Opening Lines

p026jj45It’s that time of the year again, when the BBC open their virtual doors to unsolicited short story submissions from writers new to radio. If you are such a person and have a suitable story to hand (or can put one together in a couple of weeks), you have until February 13th to send it in.


I would thoroughly recommend having a go, by the way, because hearing your work read on national radio by a proper actor is, frankly, bloody wonderful. Even hearing the announcer saying your name is pretty fantastic.


However, the odd thing about Opening Lines is that it doesn’t seem to provide much of an opening into the BBC. I used to wonder if it was just me who didn’t get invited back (I thought I’d behaved myself, but you never can tell what other people really think), but it turns out that very few of us have been.


I really must emphasise that I’m not in the least bit ungrateful. Opening Lines was a wonderful thing to put on my CV, and I even got paid for it. I’m also quite sure that it helped me towards getting Dot Dash published. Indeed, if you look at the careers of a lot of other OL alumni, it doesn’t seem to have done any of them any harm either – most notably 2014′s Claire Fuller, who was recently identified as one of the new faces of fiction in the Guardian, no less. But it does seem a little odd that the BBC themselves appear to lose interest.

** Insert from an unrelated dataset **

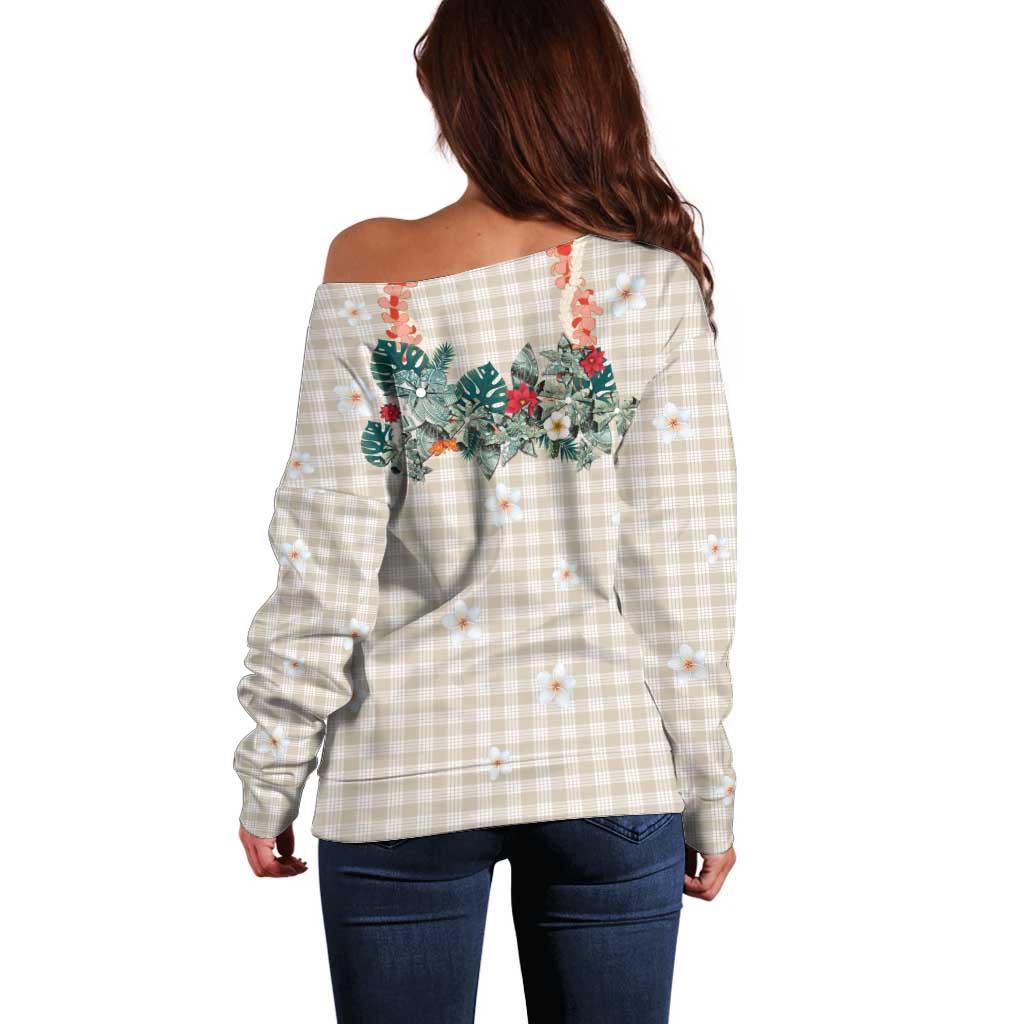 Brown Hawaiian Palaka Off Shoulder Sweater Kukui Nut Money Lei LT9 - Polynesian Pride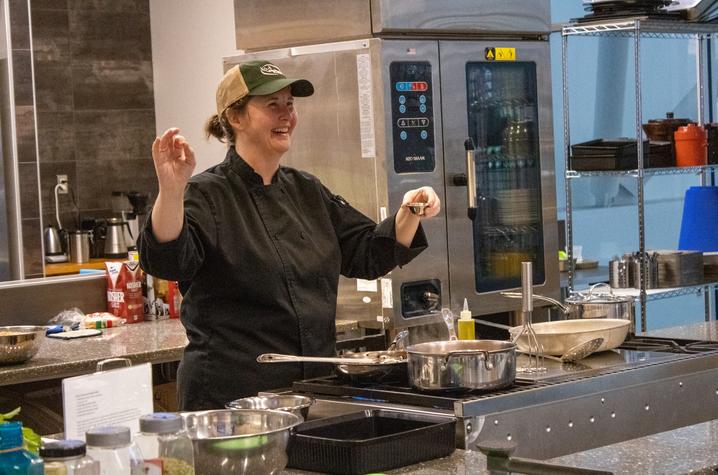 Chef Tanya says interaction with the participants is her favorite part of the job, "It makes my month when we host these classes." Photo by UK HealthCare Brand Strategy.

I recently Googled the names of all the 38 writers whose stories have been broadcast in OL since 2005, or Series 7 (I couldn’t find any data on the earlier years), along with the word BBC. One or two of them proved tricky owing to search pollution (particularly the one who happened to share the name of an ex-Speaker of the House of Commons), but the only ones I could identify as definitely having had further work commissioned were:



Zoran Zuvkovic (2005), who had a further short story broadcast two years after his OL appearance; however, he turned out to have had 11 full-length works of fiction and 5 works of non-fiction published before OL, so I’m not sure he really counts as an emerging voice,
Ian Dudley (2006), who had a further short story broadcast the year after OL,
Kachi A Ozumba (2007), who had a short story commissioned for The Verb three years after his OL appearance; as this was also after an acclaimed novel had been published, I’m not sure if OL can really be said to have been a factor.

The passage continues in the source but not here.